Exercise goal - Look below for the line that has "If you did enjoy"; output exactly from it through the line that has "Date formats for", and leave the pictures out.

======

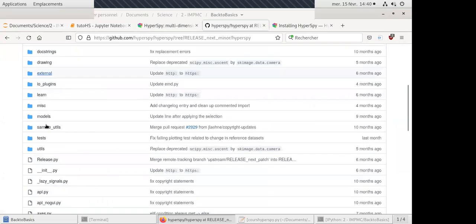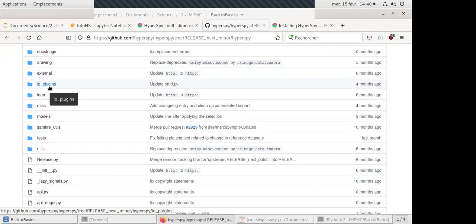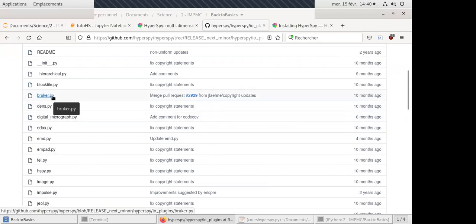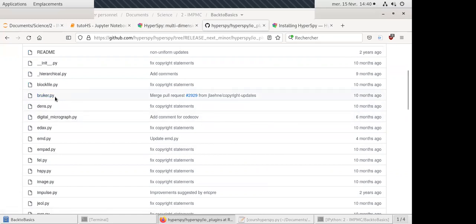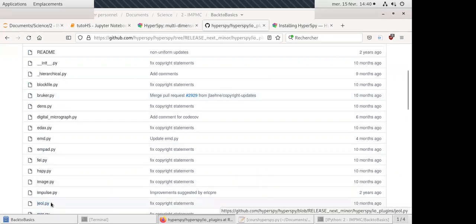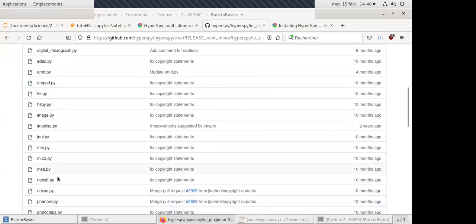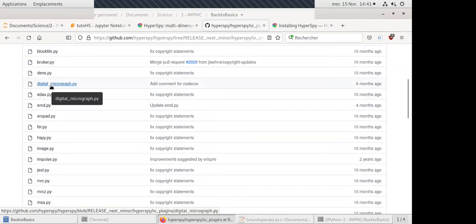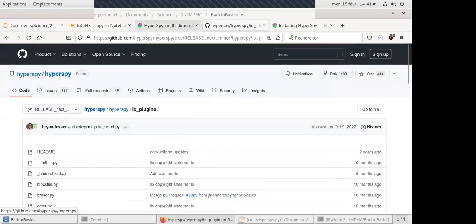On GitHub you can check the project — there are folders with different kinds of functions. For example, the IO plugin folder contains all the scripts people contributed to read different file formats. Here you have the Bruker BCF reader. When you use the load function, it detects the BCF and calls the right function. I also coded support for GEM datasets, so you can see there are many file formats readable with HyperSpy, including Digital Micrograph.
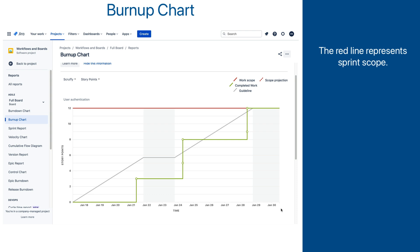If the scope does not change — in other words, issues are not added or removed — the line will remain flat for the whole sprint. If issues are added, the line will go up, and if they are removed, it will go down. But none of these lines are affected by the completion of the work.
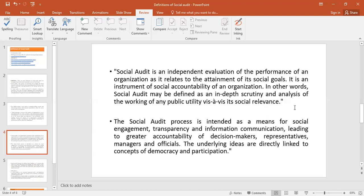In other words, Social Audit may be defined as an in-depth scrutiny and analysis of the working of any public utility — Social Audit means you earn profit but not at the cost of society. Another definition is that the Social Audit process is intended as a means of social engagement, transparency and information communication, leading to greater accountability of decision makers, representatives, managers and officers. All key post holders have the intention towards society to do good and for the betterment of the underprivileged.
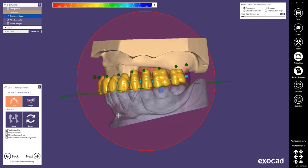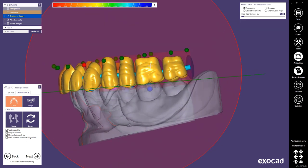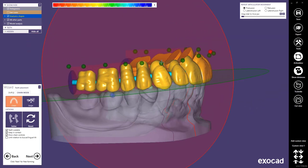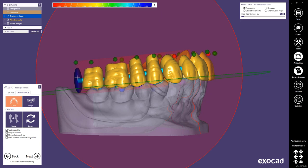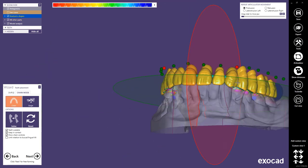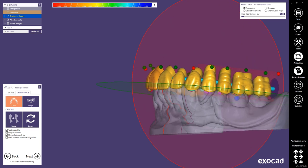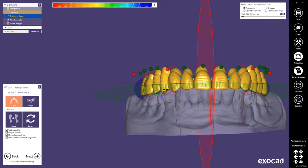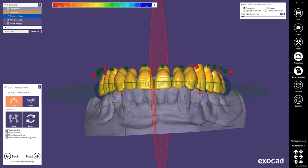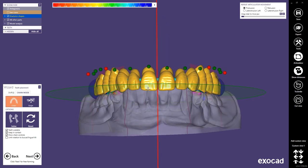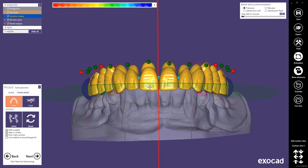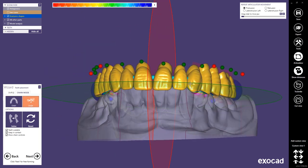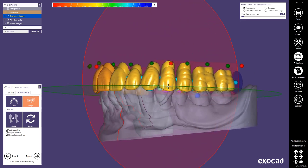For single arch dentures in the tooth placement step you always start off in the chain mode, which makes sense because you have to move around a lot of teeth in regards to each other. For single arch dentures I prefer to first lock the canines and then move the discs at the end of the molars to only adjust and move the complete posterior arch. Then afterwards I lock the discs and move around the premolars and molars to adjust the height and position in regards to the neighboring teeth. Afterwards I lock the first premolars but unlock the canines, giving me control over the anterior teeth. I can move and scale the complete tooth arch for the anterior teeth as one.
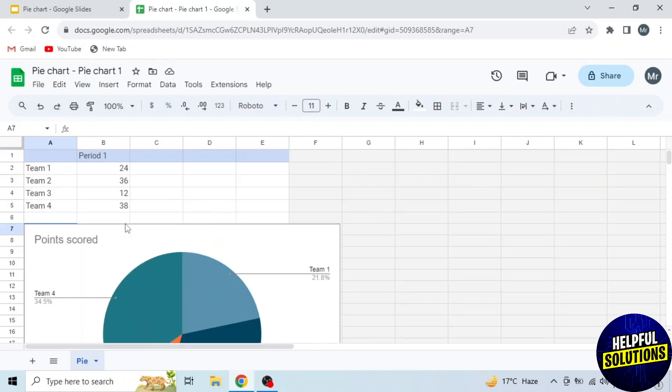Now scroll to the top and you will see these options. Here you have to write your own data. I will write sports in column A and number of players in column B.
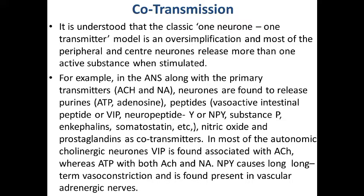In autonomic cholinergic neurons, VIP is found associated with ACh, whereas ATP is found with both ACh and NA. NPY causes long-term vasoconstriction and is found present in vascular adrenergic nerves.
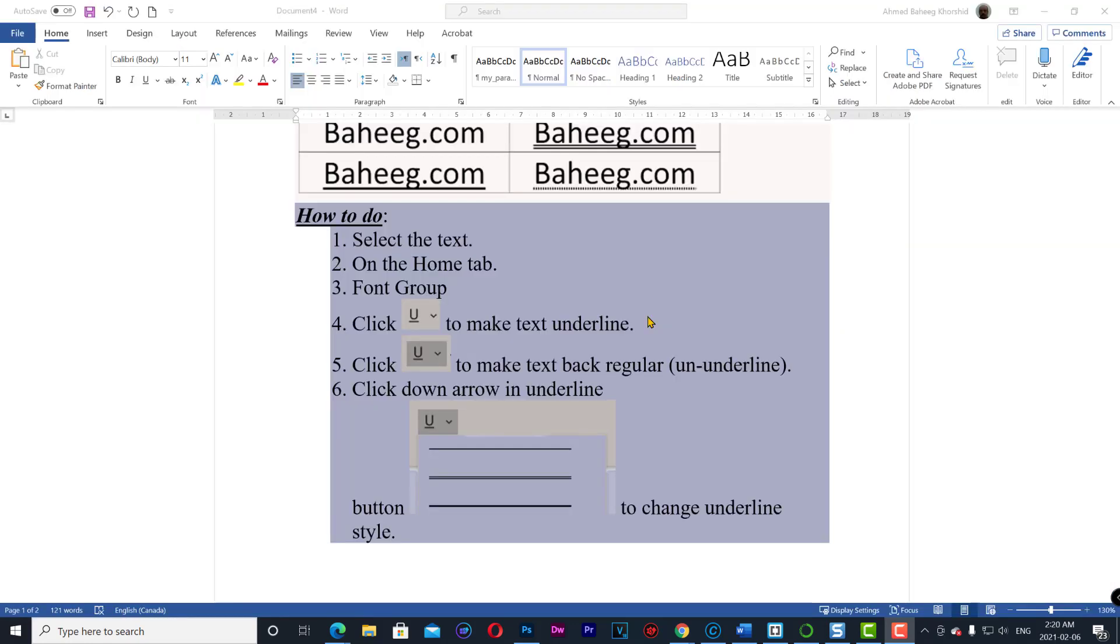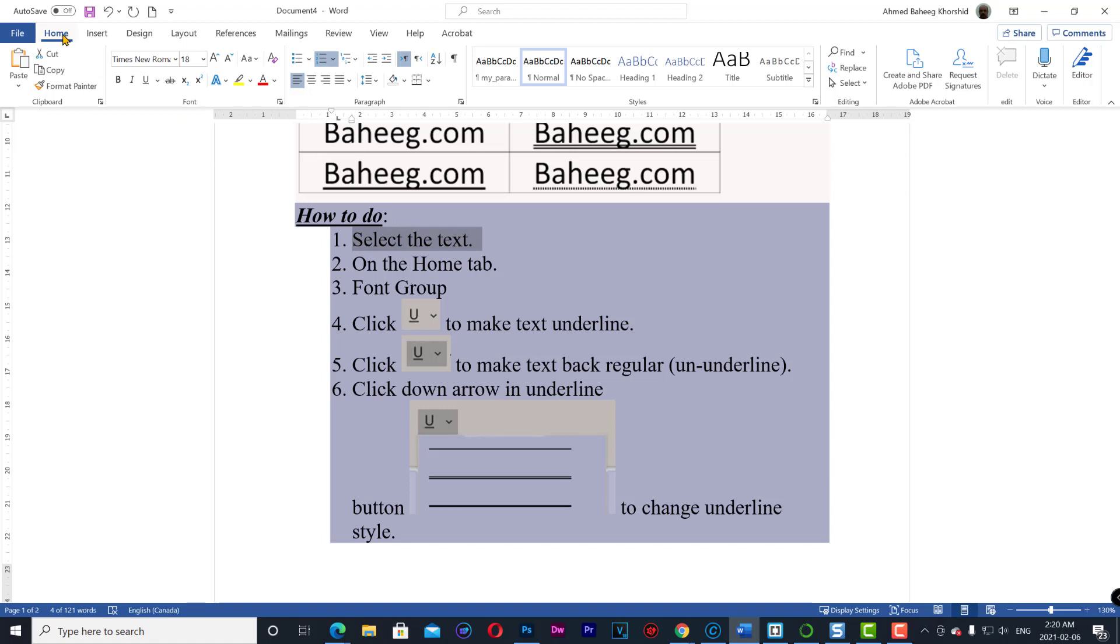How to underline text? Select text, home tab, font group, and click U.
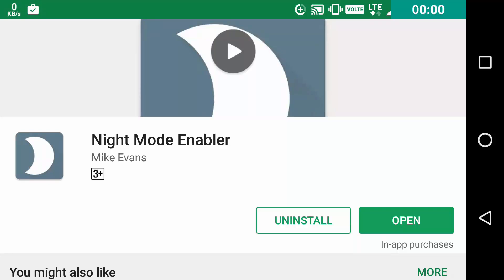Instead of using an app now at night to put less strain on your eyes, the Night Mode comes with Android Nougat which is hidden. So in order to enable it, you will need to download this app named Night Mode Enabler from Play Store.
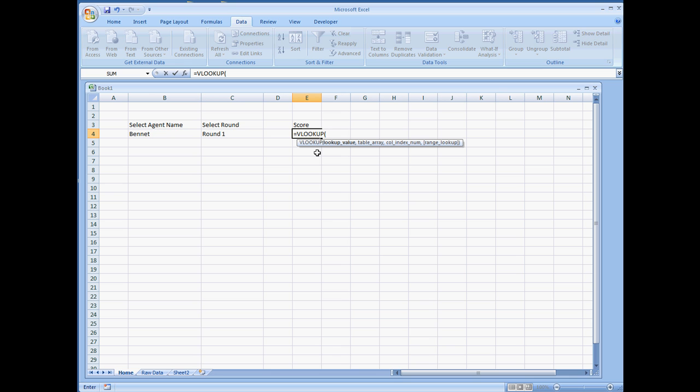The very first thing that it's going to be looking at is going to be the first column, which in this case will be the name. Now if we were to want column 2, that's going to be the second column in the table, or the third column, or the fourth.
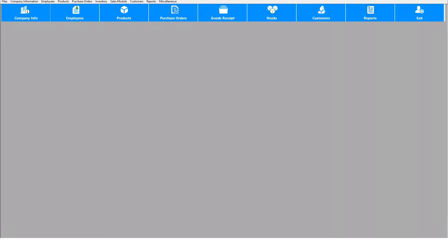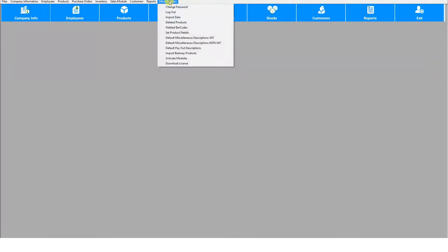In this video I'm going to show you how to import data. Before you import your data, make sure it is organized in an Excel sheet in the same fields as in the software.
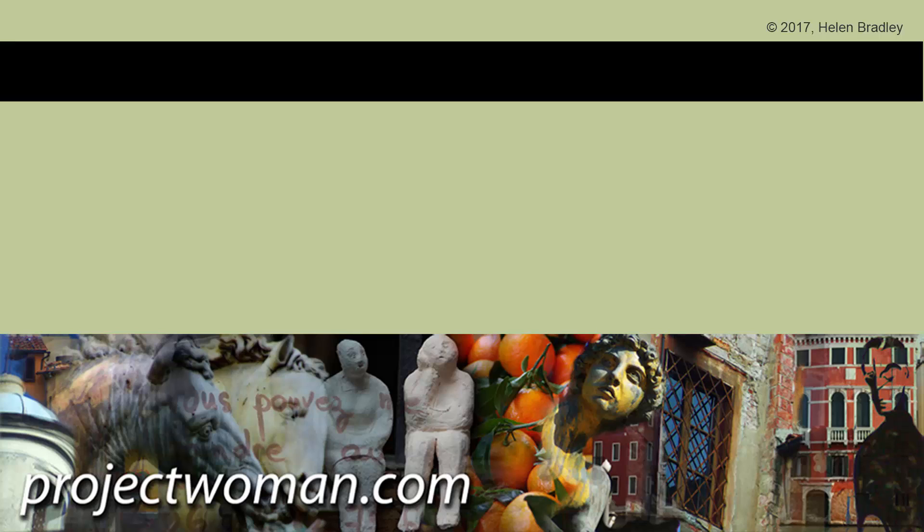If you did enjoy the tutorial please give it a thumbs up and consider subscribing to my channel and you'll be alerted when new videos are released. And visit my website at projectwoman.com where you'll find more tips, tricks and tutorials on a range of applications including Photoshop, Lightroom, Illustrator and a whole lot more.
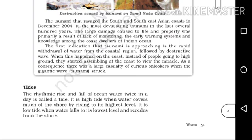It is high tide when water covers much of the shore by rising to its highest level. It is low tide when water falls to its lowest level and recedes from the shore. When the water level on the shore is high, that's high tide; when it is low, that's low tide.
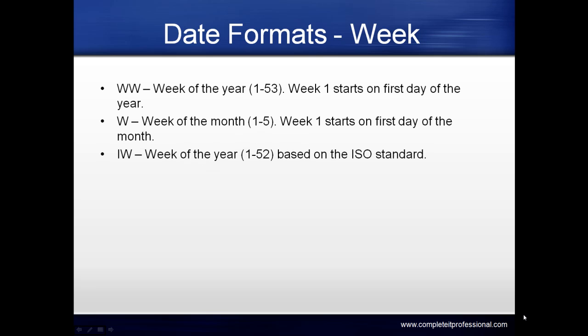Date formats for week include WW for week of the year (1 to 53, where week 1 starts on the first day of the year). W is week of the month (1 to 5, starting on the first day of the month). IW is week of the year (1 to 52) based on ISO standard.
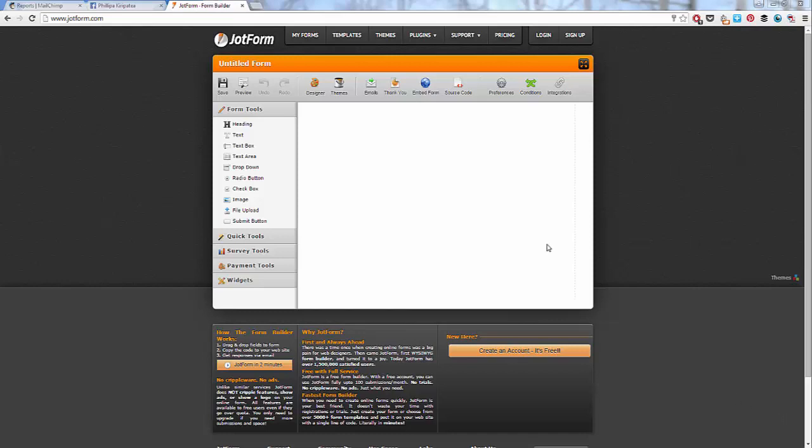Hello, Philippa Kitty Patea here, and in this screen recording, I'm going to show you how to set up a simple sales page in JotForm. So you'd use this if you don't have your own website, if you are unable to invest in something like lead pages at the moment. So let's get into it.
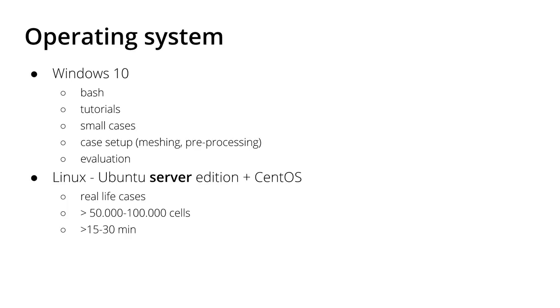From my side, what do I use? You might already know that because you've seen my videos. Usually what I do is use Windows 10. For example, my last videos I recorded all on Windows 10.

======

Result -
If you did enjoy the tutorial please give it a thumbs up and consider subscribing to my channel and you'll be alerted when new videos are released. And visit my website at projectwoman.com where you'll find more tips, tricks and tutorials on a range of applications including Photoshop, Lightroom, Illustrator and a whole lot more.
It is high tide when water covers much of the shore by rising to its highest level. It is low tide when water falls to its lowest level and recedes from the shore. When the water level on the shore is high, that's high tide; when it is low, that's low tide.
Date formats for week include WW for week of the year (1 to 53, where week 1 starts on the first day of the year). W is week of the month (1 to 5, starting on the first day of the month). IW is week of the year (1 to 52) based on ISO standard.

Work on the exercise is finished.